アイヌの生活用品には、日本のそれととても近いものがたくさんある。食器を収納する「シントコ」はお雛様のお道具にも見られるものだし、小刀「マキリ」は北海道の一部で同じ呼び名が一般的に使われている。
 特に、マキリは狩猟民族であるアイヌの道具としては大変重要なもののようで、美しい彫刻を施したマキリがまるで宝石のディスプレイのように展示されているのが印象的だった。

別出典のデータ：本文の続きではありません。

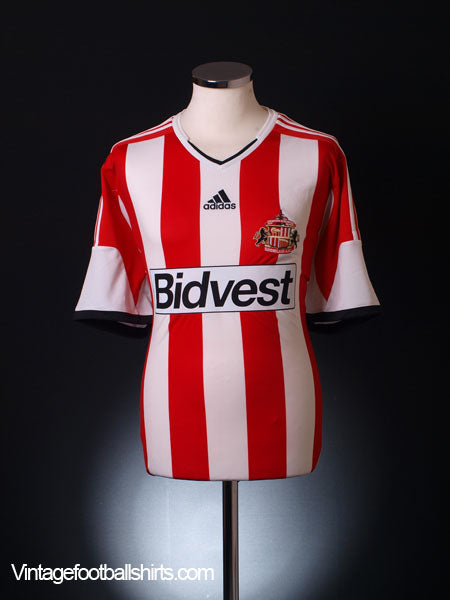 2013-14 Sunderland Home Shirt *BNIB* XL Football Shirt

博物館の受付の人に先程行った民芸店での対応を話し、「鳴るムックリを売っている店を知らないか」と尋ねると、「だったら、北の工房つとむに行ってみるといいですよ。私の名前を出して紹介されたと言えば、きっと良いムックリを見てくれますよ」と教えてくれた。さっそく「北の工房つとむ」へ行き、「博物館のKさんの紹介で来たのですが、鳴るムックリがほしいのですが」と話すと、お店にあるムックリを全てだしてきてくれ、「自由に音を試すといいよ」と言って、弁のけずりなどを一緒に見てくれた。
 ここでは、ムックリの製作体験などもやっているようだが、「実際にお店で売っているのは、阿寒のものなんだよ。二風谷のアイヌもだんだんと数が少なくなってきて、私くらいの人間が若手と言われるんだよ」と、私より幾分年上かと思われるお店のご主人は話してくれた。
 いくつか音をためさせてもらい、良く音のなるムックリを2本購入した。「製作体験があるということは、削る前のムックリもあるんですか?」と尋ねると、それも分けていただけるとのこと。体験工房の方で、竹の具合のよさそうな、調整前のムックリを2本選んで購入した。製品になっているのは500円、削る前のは350円だった。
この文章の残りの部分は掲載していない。